• Data shown:
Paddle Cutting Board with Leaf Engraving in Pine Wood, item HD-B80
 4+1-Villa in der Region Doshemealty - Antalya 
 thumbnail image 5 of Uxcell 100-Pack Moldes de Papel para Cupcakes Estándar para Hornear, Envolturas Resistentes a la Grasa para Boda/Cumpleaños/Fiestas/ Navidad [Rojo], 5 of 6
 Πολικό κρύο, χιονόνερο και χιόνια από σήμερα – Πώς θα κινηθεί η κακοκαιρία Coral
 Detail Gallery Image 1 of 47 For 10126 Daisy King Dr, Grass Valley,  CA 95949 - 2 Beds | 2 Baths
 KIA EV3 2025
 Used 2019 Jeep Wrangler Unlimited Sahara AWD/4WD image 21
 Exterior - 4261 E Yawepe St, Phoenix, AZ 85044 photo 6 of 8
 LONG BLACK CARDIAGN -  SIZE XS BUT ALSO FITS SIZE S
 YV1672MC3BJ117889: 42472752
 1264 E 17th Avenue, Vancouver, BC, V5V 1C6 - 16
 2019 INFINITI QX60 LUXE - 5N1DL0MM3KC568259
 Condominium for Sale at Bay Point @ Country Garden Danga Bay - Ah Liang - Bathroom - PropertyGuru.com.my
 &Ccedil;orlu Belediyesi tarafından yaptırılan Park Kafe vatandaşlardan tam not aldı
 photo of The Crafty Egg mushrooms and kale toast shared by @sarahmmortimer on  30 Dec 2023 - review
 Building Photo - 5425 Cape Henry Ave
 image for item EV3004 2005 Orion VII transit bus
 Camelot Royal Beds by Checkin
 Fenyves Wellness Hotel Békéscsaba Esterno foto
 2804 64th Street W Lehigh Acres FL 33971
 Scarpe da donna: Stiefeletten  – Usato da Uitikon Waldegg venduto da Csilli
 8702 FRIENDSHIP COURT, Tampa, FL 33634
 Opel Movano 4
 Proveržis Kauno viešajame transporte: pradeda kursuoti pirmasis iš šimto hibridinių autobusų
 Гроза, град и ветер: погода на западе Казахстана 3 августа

• Description of the task:
For this task, write out exactly the lines of the entries above, starting at the line with "Detail Gallery Image" and ending at the line with "Scarpe da donna: Stiefeletten", both included, and no others.

• Response:
 Detail Gallery Image 1 of 47 For 10126 Daisy King Dr, Grass Valley,  CA 95949 - 2 Beds | 2 Baths
 KIA EV3 2025
 Used 2019 Jeep Wrangler Unlimited Sahara AWD/4WD image 21
 Exterior - 4261 E Yawepe St, Phoenix, AZ 85044 photo 6 of 8
 LONG BLACK CARDIAGN -  SIZE XS BUT ALSO FITS SIZE S
 YV1672MC3BJ117889: 42472752
 1264 E 17th Avenue, Vancouver, BC, V5V 1C6 - 16
 2019 INFINITI QX60 LUXE - 5N1DL0MM3KC568259
 Condominium for Sale at Bay Point @ Country Garden Danga Bay - Ah Liang - Bathroom - PropertyGuru.com.my
 &Ccedil;orlu Belediyesi tarafından yaptırılan Park Kafe vatandaşlardan tam not aldı
 photo of The Crafty Egg mushrooms and kale toast shared by @sarahmmortimer on  30 Dec 2023 - review
 Building Photo - 5425 Cape Henry Ave
 image for item EV3004 2005 Orion VII transit bus
 Camelot Royal Beds by Checkin
 Fenyves Wellness Hotel Békéscsaba Esterno foto
 2804 64th Street W Lehigh Acres FL 33971
 Scarpe da donna: Stiefeletten  – Usato da Uitikon Waldegg venduto da Csilli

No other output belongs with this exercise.